Me: Lottie and Inez are asleep. Lupe’s staying over at Deja’s tonight. So… yeah. Out here all by myself. What about your boys?




Judah: It’s the weekend. They’re with Tremaine.




Me: What are you doing up?




Judah: Working on a presentation for Monday and just happened to catch you live.




Me: Just happened to, huh? LOL.




Judah: I have a few things that might help you sleep. Do you want them or not, smart-ass?




Me: I would appreciate these things of which you speak very much.




Judah: Good. Can I swing through?



Getting laid always knocks me right out.

Shut it, DTF2000.


Me: Sure. I’ll unlatch the gate.




Judah: Gimme five minutes.




Me: That fast? That soon?




Judah: I was already on my way



Of course you were.

“Five minutes?” I shriek with sudden realization. I run to unlatch the gate, then dash back to the tiny powder room at the back corner of the shed. Really no more than a toilet and a small sink with a mirror hanging above it. My hair is everywhere. I’m wearing a cropped T-shirt that says JUST FOLD IT IN and a pair of Lupe’s jogging pants with PINK printed across the butt. They’re too long, so I have them rolled up to the knees. And we crown this ensemble with a pair of white faux-mink slippers from a sponsored ad I did a few weeks ago. I’m a motley mess, but there’s no time to fix any of it. I’m at least trying to finger-comb my hair when there’s a tap tap tap.

“Crap,” I whisper, but I cross the short distance from the powder room to the door.

Judah’s outside on the postage-stamp cement stoop carrying a Harrington tote and wearing a black hoodie with gray sweatpants. The way those sweatpants hang on his lean hips and hug his ass—the night is not playing fair.

“I almost forgot Adam attends Harrington,” I say, stepping back so he can come in. “I’m surprised I never see you there.”

“He’s older than your girls, so he’s on north campus. Plus it’s closer to Tremaine’s office, so she usually takes Adam. Aaron’s school is closer to mine, so I take him.”

“Great system,” I say, needing something to distract me from how good he looks. He has a fresh haircut, the edge precise and neat, but there’s the slightest hint of daylong stubble hugging the carved line of his jaw, and it is sending me. If he were wearing his glasses, I’d be sitting on his face by now.
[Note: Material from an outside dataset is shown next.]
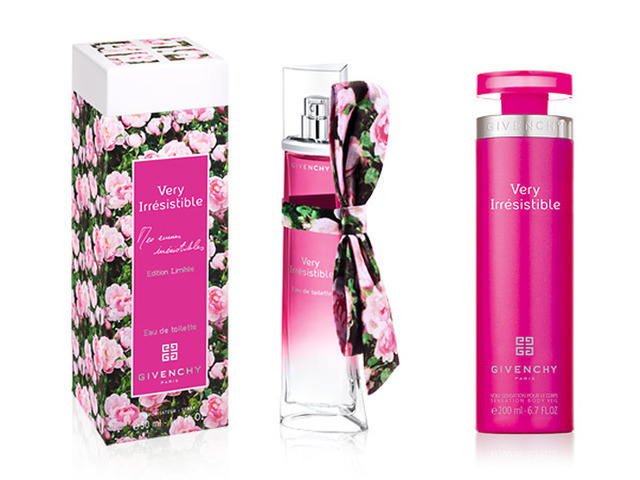 「ヴェリィ イレジスティブル ジバンシイ オーデトワレ フラワー エディション」（9,000円）、「ヴェリィ イレジスティブル ジバンシイ ボディヴェイル」（6,000円）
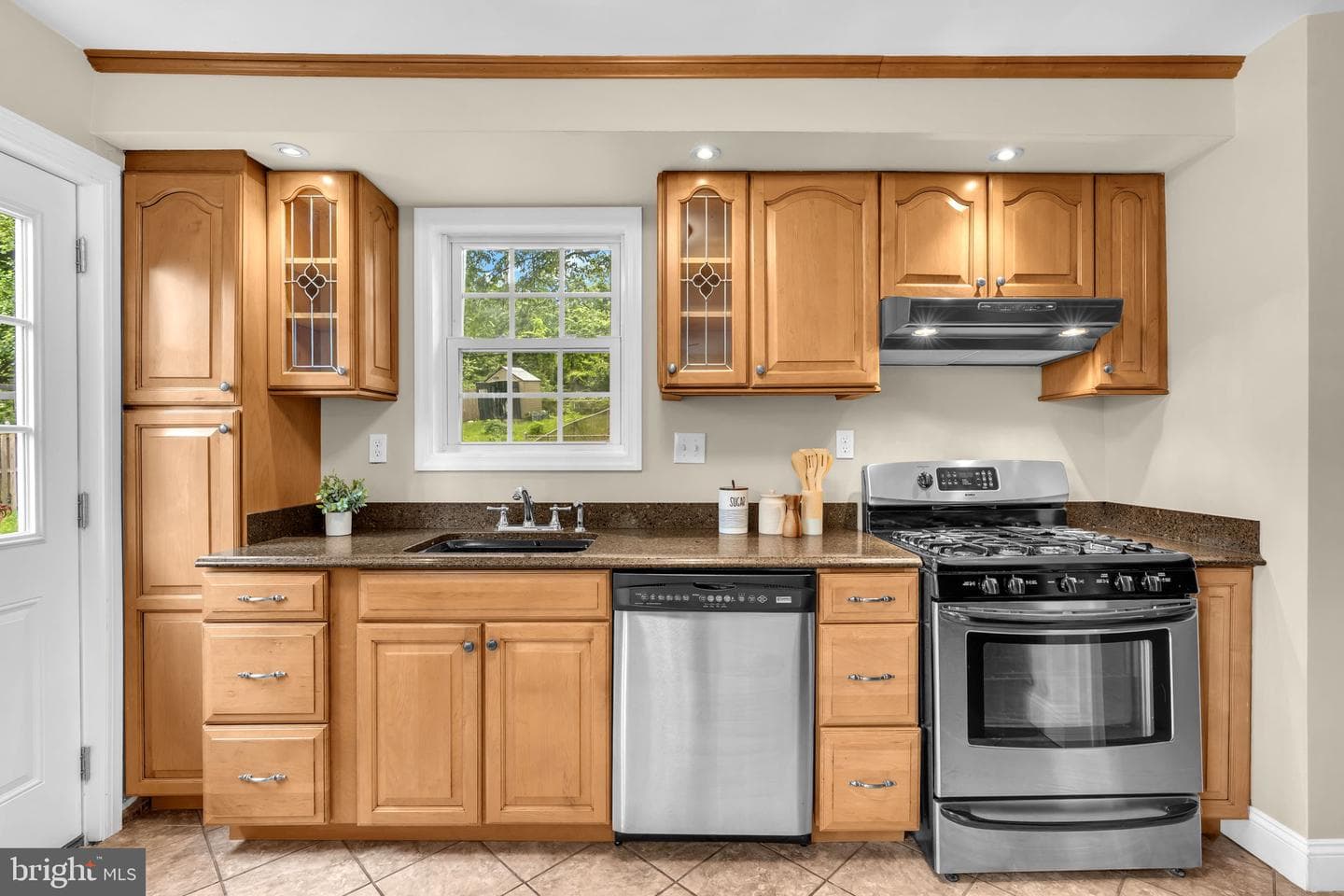 3114 Parkway photo 5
“When the boys can’t sleep, especially Aaron,” he says, reaching into the tote, “this helps.”

He hands me a gray blanket. I accept it, surprised by how heavy it is.

“Did they knit this with cement?” I joke. “It must weigh fifty pounds.”

“Fifteen, actually. It’s a weighted blanket. He has like five of them. Between the blanket, melatonin, and the tea I brought, you’ll be knocked out before you count your first sheep.”

“I hope you’re right.”

“I’m usually right.” He eyes the letters emblazoned across my chest. “I like your shirt.”

It’s only then I realize I’m not wearing a bra and my nipples are happy to see him.

“Oh, God.” I cup my breasts as if to shield them.

His sudden laughter startles me—not just the sound of it, which is rich and resonant, but the effect it has on his handsome face. How it cracks the austere lines and warms the usually serious dark eyes. It softens the stern set of his mouth. It opens him up and invites me in.

“Come here.” He drops the tote, sits on the chaise longue, and pulls me onto his lap. “I missed you.”

He says it so freely, and it’s hard to believe I ever thought this man was reserved, cold. He’s generous with his words, with his affection—at least to me. I drape one wrist at the back of his neck and press my hand to his chest, over his heart.